The report shows the entrenchment of Punjab districts at the top of the rankings. Eight of the top ten districts are from the Punjab. At the other end of the table Balochistan continues to languish at the bottom. A staggering nine of the bottom ten districts are from Balochistan.
The rankings data highlight two very important findings which ought to be relevant to policymakers.
First, there continues to be a very weak relationship between education outputs like literacy, enrolment, retention and test scores with school infrastructure. While infrastructure is always going to be necessary for the functioning of schools, it will also be an insuffcient condition for improving the quality of education.
Second, quality of education is the main challenge for the education system beyond simply focusing on universal enrolment or gender parity.

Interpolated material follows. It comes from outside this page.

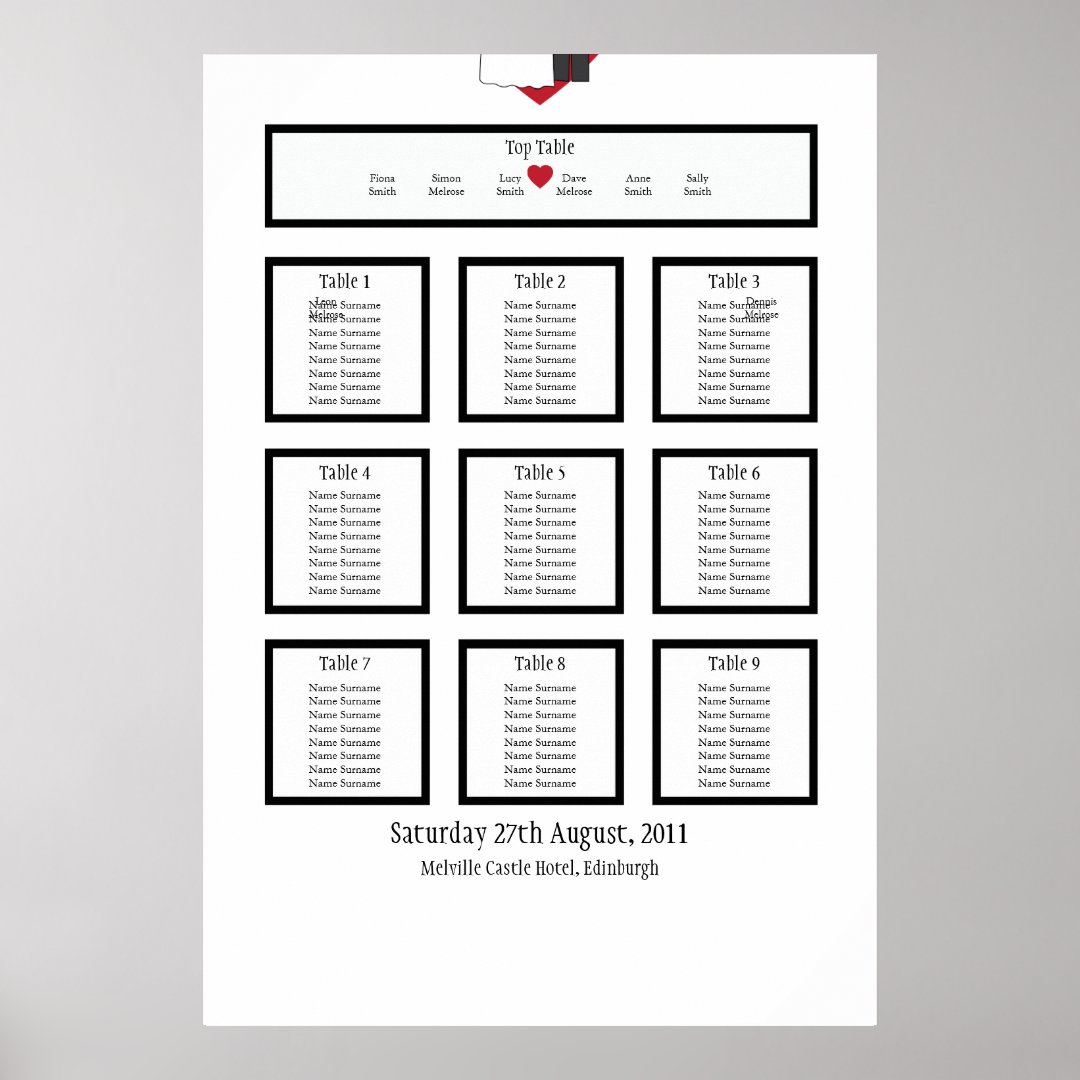 HochzeitsPaarTabellenSitzplatzPlan Poster Zazzle.de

This is highlighted by the poor learning scores across the board for all districts and provinces.
Report says that Islamabad is the highest ranked territory in education ranking for the third year running.
In 2nd and 3rd place are Azad Jammu & Kashmir and Punjab, respectively. This represents a reversal from last year when Punjab ranked 2nd. Punjab’s score declined by 3.38%, while AJK’s stayed static.
Gilgit-Baltistan holds steady at 4th position while its education score increased by 1.69%.
Sindh and Khyber Pakhtunkhwa (KP) exchange positions for the second year in a row, with KP reclaiming 5th spot which it had lost last year. KP shows an improvement of 13.15% in its education score (second largest improvement), while Sindh dropped by 1.02%.
Education alarm in Sindh
Sindh’s performance continues to remain poor. Only Karachi (ranked 43rd) from Sindh manages to get in to the top 50 districts. Hyderabad ranked 62nd. Thatta is the worst performing district in the province, largely due to a very low retention rate.
Overall 19 out of 25 districts scored over 50 on the education score; only one (Karachi) scored over 70. While only four districts from Sindh ranked in the top half of education rankings.
Punjab continues to dominate the top of the rankings table. Eight districts from the province are in the top ten. All of the top three districts are from Punjab Rawalpindi, Chakwal and Lahore.
Only two districts: Dera Ghazi Khan and Rajanpur scored lower than 50. These are the only two districts from Punjab to rank outside the top 100. While only three districts in Punjab scored higher than 70 in learning score, reflecting poor quality of education.
Status quo in KP?
Overall the province has rebounded from a dip last year and is now back up to 5th rank. KP continues to remain a mid-table province when it comes to education. As many as 19 of 25 districts are ranked between 20th and 100th. Haripur, Malakand, Mardan and Nowshera are in the top 25 and none in the bottom 25.
Haripur is the best performing district in the province, while Kohistan is the worst performing district. Unlike in previous years – when districts from the Hazara portion of the province – were clustered near the top – this year there is a more even distribution of scores across the province. n 24 of 25 districts scored above 50 on the education score.
Balochistan languishes at the bottom
Quetta is the highest ranked district and the only one in the top 50 districts. Almost half the districts of Balochistan rank outside the top 100 (12 out of 32).
Balochistan also has only three districts in the top half (Quetta, Kech and Killa Saifullah). Nine of the bottom ten districts are from Balochistan.
Killa Abdullah is the worst performing district in Balochistan. One new district, Lehri, has data for only two indicators and therefore it was not ranked. Only eight of the 31 ranked districts in Balochistan scored above 60 on education score. Except Quetta, no other district scored more than 70.
According to Alif Ailaan, the education scores are calculated using the arithmetic average of enrolment, learning, retention (survival) and gender parity, giving equal weight to each indicator.